◎RINGO
▼リンゴ
☆Ringo Starr
★リンゴ・スター
released in 1973
CD-0427 2013/7/23
リンゴ・スター3枚目のソロアルバムを今日は取り上げます。
ポール・マッカートニー来日決定による思考停止状態から少しずつ回復しております。
その節は、励ましのお言葉をいただきありがとうございます。
しかし、白状すれば、まだ回復し切ったわけではありません。
この記事を上げるのが証拠。
というのも、実はこれ、リンゴ・スターの誕生日の7月7日に上げるつもりで途中まで書いていたものが、時間切れで誕生日当日に上げられず、来年の誕生日まで保留にしていたものでした。

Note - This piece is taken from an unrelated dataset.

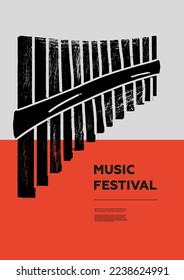 Pan flute, panpipes, syrinx, Pipe. Music festival poster. Wind musical instruments. Competition. A set of vector illustrations. Minimalistic design. Banner, flyer, cover, print.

でも、思考停止から回復するつもりで、書き上げることにしました。
まあ、ポールも参加しているので、ちょうどいいともいえますか。
◇
リンゴ・スターの音楽って、おおこれはすごいっ、とうものでもないかなあ。
そういう要素をむしろ意図的に排除しているようにすら感じないでもない。
あのひょうひょうとした人柄がそうさせるのでしょう。
ビートルズにいた時代から、周り3人が神経をすり減らしながらすごいことをしていたのを見てきたわけで、その反動でそうなったのか。
或いは、周りがすごいから自分ひとりくらいは普通にしていたかったのか。
もちろんリンゴだって葛藤はあって、ホワイトアルバムの録音の時に1日だけ脱退したという経験も持っているくらいだから、人柄だけですべてうまくいったわけでもないのは分かります。
でも、リンゴ・スターの場合、持って生まれた人柄としか感じられない。
ジョン・レノンは、リンゴ・スターについて、彼はビートルズに入らなくてもスターになっていたに違いないと語っていましたが、人柄と音楽センスに加え、演奏時の動きが派手で見栄えがする、人を引き付ける天性の魅力が備わっていた、そんな人でしょう。
努力だけではなかなか得られるものではない。
つまり、実は、ビートルズの4人の中で、リンゴ・スターはいちばん才能が勝っている人なのかもしれない。
繰り返し、努力をしなかったとは言いませんよ、アルコール中毒に陥ったこともある人ですし。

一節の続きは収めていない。